Male 9-week-old DIO mice (n = 13, C57BL/6J recipients; n = 6, CD11c(-/-) recipients) and normal chow controls (n = 15, C57BL/6J recipients; n = 6, CD11c(-/-) recipients) underwent unilateral carotid interposition vein isografting (inferior vena cava from the same diet and genetic background donor), with a midgraft or outflow focal stenosis. Vein grafts were harvested at either 1 week (immunohistochemical staining for early CD11c expression) or 4 weeks later (morphometric analyses and CD11c evaluation).

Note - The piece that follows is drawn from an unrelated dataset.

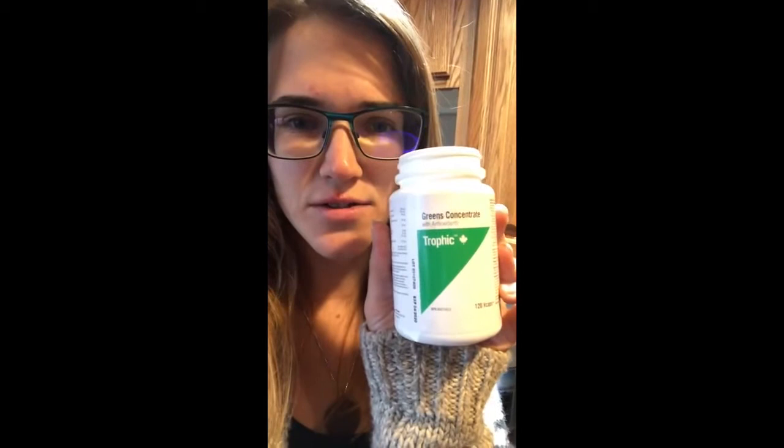I have the kettle on but just so that it got warm — you don't want it to boil, especially if you're using matcha. I use these capsules called Greens Concentrate Tropic with antioxidants. You can get any capsules made up of greens that are already ground up for you. This one has 10 or more different greens, so instead of putting greens in a blender or food processor, they're already done for you. You can actually swallow the capsules if you just want to take them with water.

Despite a 40% larger body size, C57BL/6J DIO mice had 44% smaller poststenosis vein graft lumens (P = .03) than their controls via an acceleration of overall negative vein graft wall remodeling in the day-28 midgraft focal stenosis model but not in the outflow stenosis model. Higher CD11c expression occurred in DIO midgraft-stenosis vein graft walls, both at postoperative days 7 and 28. In contrast, with in vivo CD11c deficiency, DIO did not elicit this poststenotic negative remodeling but attenuated intimal hyperplasia.

These findings highlight negative wall remodeling as a potential factor leading to vein graft failure and provide direct evidence that short-term dietary alterations in the mammalian metabolic milieu can have lasting implications related to acute vascular interventions. DIO induces negative mouse vein graft wall remodeling via CD11c-depedent pathways.